● WORK TO COMPLETE:
In the material below, the lines from the one containing "-辽宁大厦天然居自助餐(黄河南大街店)" through the one containing "Reloj Casio G-Shock GA-700-1AER" are to be given again exactly, ends included, and no others.

** Opening DATA TO USE block **

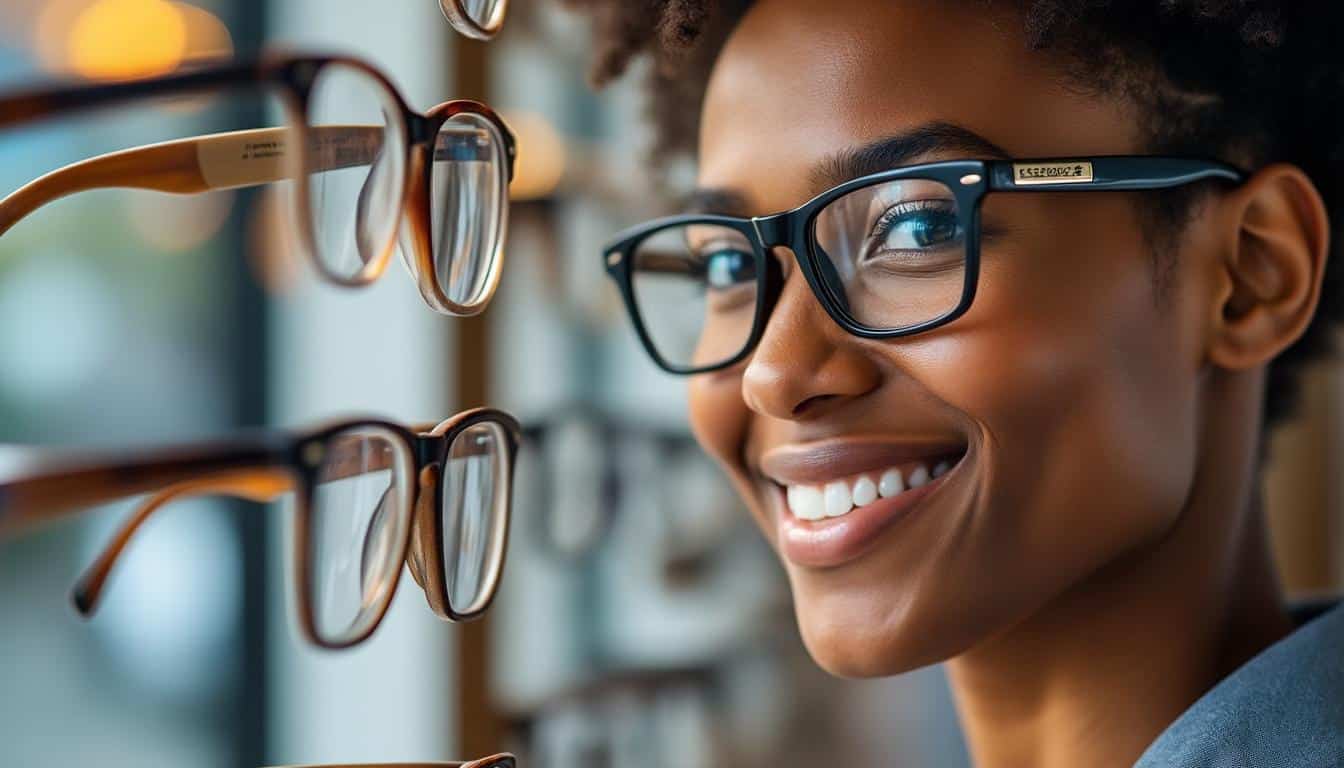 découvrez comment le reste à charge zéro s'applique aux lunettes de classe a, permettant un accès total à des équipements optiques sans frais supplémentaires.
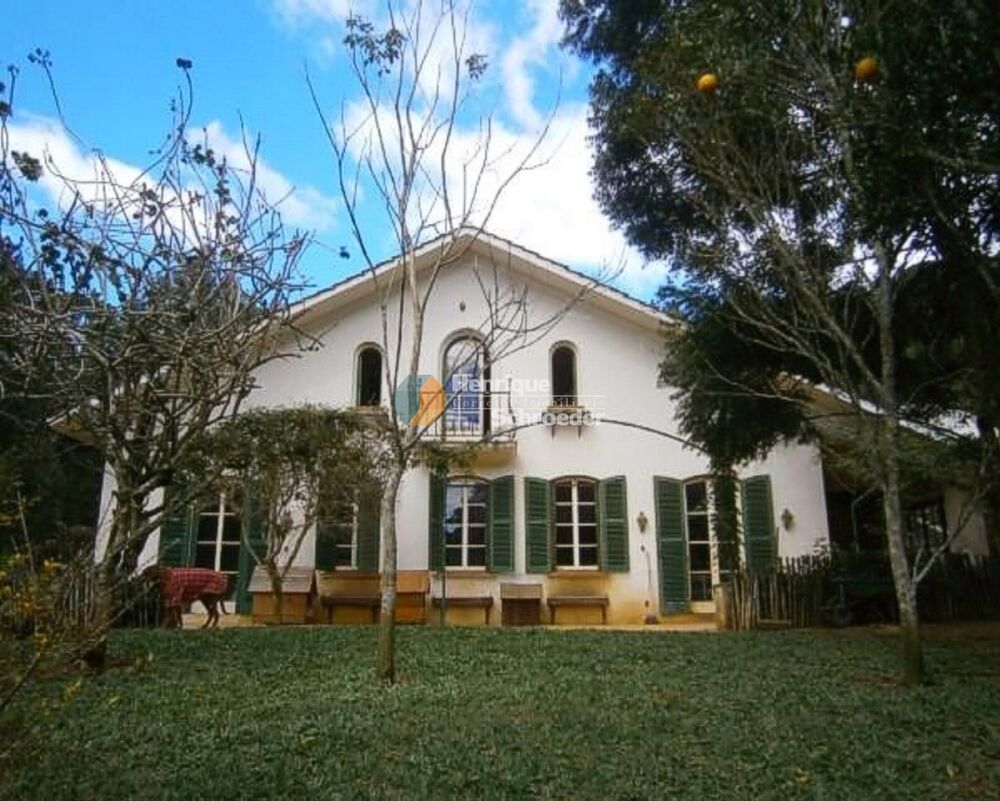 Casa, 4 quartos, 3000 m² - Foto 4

** Closing DATA TO USE block **
** Opening DATA TO USE block **

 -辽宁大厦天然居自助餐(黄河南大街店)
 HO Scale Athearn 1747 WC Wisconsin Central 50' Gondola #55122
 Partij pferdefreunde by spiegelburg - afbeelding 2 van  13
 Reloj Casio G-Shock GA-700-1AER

** Closing DATA TO USE block **
** Opening DATA TO USE block **

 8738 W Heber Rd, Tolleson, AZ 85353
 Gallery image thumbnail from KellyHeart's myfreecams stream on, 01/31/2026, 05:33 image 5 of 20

** Closing DATA TO USE block **

● SOLUTION TO THIS EXERCISE:
 -辽宁大厦天然居自助餐(黄河南大街店)
 HO Scale Athearn 1747 WC Wisconsin Central 50' Gondola #55122
 Partij pferdefreunde by spiegelburg - afbeelding 2 van  13
 Reloj Casio G-Shock GA-700-1AER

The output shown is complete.